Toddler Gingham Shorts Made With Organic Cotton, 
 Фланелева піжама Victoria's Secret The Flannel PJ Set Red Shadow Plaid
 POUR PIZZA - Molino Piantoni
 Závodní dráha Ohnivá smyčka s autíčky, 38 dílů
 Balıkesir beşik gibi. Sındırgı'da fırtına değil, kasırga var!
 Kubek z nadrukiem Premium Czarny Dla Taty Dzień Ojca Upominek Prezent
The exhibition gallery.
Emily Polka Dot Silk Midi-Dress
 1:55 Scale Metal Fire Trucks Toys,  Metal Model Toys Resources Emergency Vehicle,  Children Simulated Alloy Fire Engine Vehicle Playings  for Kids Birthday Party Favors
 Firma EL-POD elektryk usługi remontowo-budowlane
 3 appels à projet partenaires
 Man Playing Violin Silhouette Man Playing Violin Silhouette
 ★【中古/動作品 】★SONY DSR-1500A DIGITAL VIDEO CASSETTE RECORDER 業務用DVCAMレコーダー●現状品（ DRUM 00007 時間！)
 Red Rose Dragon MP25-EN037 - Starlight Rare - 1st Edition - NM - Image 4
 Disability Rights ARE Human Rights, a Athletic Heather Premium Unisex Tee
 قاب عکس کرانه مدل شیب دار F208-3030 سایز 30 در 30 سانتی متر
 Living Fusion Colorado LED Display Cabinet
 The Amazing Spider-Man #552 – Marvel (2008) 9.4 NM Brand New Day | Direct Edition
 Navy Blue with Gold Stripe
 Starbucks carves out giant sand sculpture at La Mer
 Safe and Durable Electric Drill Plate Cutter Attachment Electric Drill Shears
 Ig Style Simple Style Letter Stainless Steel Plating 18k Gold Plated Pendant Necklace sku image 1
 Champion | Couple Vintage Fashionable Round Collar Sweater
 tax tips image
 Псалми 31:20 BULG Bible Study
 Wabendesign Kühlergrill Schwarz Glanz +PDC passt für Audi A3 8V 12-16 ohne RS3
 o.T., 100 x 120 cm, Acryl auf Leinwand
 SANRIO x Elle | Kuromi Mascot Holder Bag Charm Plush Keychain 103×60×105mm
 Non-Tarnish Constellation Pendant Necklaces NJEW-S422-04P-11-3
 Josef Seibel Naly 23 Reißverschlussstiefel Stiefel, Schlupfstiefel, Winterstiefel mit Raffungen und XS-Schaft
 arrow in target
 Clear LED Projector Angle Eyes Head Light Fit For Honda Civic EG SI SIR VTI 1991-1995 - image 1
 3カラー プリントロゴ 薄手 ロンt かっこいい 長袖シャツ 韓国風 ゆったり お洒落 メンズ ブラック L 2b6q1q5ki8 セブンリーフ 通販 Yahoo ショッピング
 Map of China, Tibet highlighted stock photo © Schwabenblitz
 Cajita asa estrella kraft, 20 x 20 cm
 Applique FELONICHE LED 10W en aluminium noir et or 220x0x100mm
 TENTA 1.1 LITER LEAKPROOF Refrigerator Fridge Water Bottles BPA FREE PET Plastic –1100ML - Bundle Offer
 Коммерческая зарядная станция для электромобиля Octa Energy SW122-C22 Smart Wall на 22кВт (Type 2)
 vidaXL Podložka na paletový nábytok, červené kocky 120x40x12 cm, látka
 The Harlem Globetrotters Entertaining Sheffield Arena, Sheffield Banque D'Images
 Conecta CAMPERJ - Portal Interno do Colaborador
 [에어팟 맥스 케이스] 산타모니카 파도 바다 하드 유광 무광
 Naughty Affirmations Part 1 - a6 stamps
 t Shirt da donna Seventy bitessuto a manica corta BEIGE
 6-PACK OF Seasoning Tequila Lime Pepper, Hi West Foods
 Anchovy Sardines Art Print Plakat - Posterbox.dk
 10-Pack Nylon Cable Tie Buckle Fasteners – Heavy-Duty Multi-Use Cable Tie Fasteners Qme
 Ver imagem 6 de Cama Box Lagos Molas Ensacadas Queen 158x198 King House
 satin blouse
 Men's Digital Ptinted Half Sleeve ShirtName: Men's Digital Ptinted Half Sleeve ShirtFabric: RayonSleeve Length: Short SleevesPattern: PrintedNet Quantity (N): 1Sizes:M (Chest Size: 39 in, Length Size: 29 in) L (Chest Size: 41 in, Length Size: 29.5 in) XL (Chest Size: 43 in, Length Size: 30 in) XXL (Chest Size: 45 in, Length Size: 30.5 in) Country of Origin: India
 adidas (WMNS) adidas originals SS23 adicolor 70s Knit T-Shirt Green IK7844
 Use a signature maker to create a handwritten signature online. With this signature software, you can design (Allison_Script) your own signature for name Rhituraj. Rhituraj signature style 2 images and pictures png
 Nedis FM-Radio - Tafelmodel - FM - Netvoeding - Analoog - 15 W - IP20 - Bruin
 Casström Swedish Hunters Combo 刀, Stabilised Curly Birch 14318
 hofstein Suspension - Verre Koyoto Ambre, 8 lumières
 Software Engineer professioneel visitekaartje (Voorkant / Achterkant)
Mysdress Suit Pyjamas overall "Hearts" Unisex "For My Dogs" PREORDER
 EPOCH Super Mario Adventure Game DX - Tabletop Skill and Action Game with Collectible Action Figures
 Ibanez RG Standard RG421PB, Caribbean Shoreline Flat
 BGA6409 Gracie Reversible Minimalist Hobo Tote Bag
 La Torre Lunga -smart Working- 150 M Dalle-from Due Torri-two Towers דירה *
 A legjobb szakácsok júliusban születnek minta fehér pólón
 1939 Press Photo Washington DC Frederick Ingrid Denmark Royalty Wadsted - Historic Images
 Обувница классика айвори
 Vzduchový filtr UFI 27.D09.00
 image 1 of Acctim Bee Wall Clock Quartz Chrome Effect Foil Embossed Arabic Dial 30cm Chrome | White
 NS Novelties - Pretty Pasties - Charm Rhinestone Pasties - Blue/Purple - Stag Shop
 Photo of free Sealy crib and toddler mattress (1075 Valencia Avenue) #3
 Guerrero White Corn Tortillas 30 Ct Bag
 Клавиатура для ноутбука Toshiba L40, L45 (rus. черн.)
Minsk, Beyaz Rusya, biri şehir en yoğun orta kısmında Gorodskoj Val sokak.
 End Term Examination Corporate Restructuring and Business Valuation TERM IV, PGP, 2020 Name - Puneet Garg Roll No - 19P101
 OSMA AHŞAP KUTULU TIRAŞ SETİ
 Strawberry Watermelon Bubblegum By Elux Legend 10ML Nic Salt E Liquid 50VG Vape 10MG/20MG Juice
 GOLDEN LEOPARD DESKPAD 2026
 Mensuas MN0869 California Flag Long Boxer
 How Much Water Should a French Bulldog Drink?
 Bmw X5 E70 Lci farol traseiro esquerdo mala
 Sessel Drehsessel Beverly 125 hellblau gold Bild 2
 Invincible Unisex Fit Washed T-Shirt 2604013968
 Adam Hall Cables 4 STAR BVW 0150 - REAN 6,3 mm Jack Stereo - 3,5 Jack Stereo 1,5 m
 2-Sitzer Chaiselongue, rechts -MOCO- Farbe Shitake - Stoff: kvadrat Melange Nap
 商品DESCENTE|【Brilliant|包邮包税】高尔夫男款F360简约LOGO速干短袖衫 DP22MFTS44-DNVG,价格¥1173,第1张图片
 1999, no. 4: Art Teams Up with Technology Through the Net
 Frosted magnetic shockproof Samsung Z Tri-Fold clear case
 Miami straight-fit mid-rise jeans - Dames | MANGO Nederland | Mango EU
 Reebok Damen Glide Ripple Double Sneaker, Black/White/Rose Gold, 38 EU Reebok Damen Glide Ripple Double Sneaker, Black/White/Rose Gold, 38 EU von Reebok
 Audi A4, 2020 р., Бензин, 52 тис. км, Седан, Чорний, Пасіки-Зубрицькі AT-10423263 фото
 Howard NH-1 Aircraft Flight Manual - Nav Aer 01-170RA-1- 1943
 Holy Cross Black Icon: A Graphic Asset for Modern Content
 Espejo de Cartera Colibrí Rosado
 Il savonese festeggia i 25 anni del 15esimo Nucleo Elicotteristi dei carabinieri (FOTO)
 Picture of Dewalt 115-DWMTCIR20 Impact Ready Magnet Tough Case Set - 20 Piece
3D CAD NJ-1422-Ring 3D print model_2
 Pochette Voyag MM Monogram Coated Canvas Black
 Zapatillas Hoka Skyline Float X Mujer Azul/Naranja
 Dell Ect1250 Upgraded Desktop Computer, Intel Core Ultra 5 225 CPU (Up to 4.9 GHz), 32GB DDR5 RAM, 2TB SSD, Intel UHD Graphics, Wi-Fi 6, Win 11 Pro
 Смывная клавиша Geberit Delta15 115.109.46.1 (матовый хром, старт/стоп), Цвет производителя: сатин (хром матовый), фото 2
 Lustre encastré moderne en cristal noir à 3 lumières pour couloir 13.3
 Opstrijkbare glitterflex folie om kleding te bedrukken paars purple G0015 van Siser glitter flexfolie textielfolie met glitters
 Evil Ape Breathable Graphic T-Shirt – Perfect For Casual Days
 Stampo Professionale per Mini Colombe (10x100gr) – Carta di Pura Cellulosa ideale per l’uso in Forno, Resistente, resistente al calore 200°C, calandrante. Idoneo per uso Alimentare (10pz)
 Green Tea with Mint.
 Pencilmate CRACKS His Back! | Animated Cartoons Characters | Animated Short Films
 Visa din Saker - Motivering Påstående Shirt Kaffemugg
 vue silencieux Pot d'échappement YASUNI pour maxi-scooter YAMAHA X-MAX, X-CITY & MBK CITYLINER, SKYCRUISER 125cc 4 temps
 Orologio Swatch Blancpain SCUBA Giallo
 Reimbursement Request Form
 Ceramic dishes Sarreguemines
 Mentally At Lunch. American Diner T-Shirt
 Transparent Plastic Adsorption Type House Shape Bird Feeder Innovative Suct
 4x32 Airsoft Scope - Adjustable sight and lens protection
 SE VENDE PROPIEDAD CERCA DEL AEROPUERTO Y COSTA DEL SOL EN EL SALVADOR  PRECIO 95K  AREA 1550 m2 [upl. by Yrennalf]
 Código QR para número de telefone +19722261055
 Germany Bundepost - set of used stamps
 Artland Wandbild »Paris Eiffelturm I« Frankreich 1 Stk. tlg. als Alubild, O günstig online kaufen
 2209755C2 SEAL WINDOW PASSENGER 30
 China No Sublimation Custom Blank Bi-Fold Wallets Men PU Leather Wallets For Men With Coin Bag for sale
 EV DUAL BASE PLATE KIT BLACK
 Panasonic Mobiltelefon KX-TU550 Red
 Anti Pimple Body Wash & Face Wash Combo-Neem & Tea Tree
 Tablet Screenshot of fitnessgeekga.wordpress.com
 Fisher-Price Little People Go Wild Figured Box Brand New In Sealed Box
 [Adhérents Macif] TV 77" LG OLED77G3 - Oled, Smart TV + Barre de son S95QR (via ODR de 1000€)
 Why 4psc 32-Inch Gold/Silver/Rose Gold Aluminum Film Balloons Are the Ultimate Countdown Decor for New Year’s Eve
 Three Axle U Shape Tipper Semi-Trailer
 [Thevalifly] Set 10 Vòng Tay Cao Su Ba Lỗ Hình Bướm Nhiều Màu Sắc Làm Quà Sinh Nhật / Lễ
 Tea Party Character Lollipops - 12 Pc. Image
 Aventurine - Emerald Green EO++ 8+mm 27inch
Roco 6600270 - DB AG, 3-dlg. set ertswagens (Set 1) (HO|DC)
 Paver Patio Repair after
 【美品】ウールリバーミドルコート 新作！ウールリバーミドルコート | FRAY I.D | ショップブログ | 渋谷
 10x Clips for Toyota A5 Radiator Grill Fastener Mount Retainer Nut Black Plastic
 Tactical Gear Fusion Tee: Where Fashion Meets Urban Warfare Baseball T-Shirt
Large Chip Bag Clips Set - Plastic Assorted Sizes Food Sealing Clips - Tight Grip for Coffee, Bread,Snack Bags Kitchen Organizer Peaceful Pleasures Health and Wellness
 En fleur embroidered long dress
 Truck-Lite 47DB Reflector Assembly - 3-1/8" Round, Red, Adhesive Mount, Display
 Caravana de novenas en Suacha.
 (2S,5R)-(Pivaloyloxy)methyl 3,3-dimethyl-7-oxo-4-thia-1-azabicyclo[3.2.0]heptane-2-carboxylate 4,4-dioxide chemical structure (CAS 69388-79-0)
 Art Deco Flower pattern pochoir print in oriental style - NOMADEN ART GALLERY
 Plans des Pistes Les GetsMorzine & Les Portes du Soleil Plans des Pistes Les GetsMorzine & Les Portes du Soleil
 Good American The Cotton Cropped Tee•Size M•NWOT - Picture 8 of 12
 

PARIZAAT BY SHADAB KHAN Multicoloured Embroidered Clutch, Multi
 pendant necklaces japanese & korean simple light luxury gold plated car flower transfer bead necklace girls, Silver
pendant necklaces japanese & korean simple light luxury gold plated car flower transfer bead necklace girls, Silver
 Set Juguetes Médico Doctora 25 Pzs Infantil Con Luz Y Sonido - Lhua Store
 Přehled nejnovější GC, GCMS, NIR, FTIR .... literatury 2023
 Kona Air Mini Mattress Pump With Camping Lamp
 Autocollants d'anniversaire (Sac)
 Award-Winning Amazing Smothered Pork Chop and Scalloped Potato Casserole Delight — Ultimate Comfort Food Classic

▬▬▬

(WHAT THE TASK REQUIRES) Exact duplication is required for the lines above, from the line that contains "t Shirt da donna" to the line that contains "adidas (WMNS) adidas", inclusive; omit all others.

(RESPONSE)
 t Shirt da donna Seventy bitessuto a manica corta BEIGE
 6-PACK OF Seasoning Tequila Lime Pepper, Hi West Foods
 Anchovy Sardines Art Print Plakat - Posterbox.dk
 10-Pack Nylon Cable Tie Buckle Fasteners – Heavy-Duty Multi-Use Cable Tie Fasteners Qme
 Ver imagem 6 de Cama Box Lagos Molas Ensacadas Queen 158x198 King House
 satin blouse
 Men's Digital Ptinted Half Sleeve ShirtName: Men's Digital Ptinted Half Sleeve ShirtFabric: RayonSleeve Length: Short SleevesPattern: PrintedNet Quantity (N): 1Sizes:M (Chest Size: 39 in, Length Size: 29 in) L (Chest Size: 41 in, Length Size: 29.5 in) XL (Chest Size: 43 in, Length Size: 30 in) XXL (Chest Size: 45 in, Length Size: 30.5 in) Country of Origin: India
 adidas (WMNS) adidas originals SS23 adicolor 70s Knit T-Shirt Green IK7844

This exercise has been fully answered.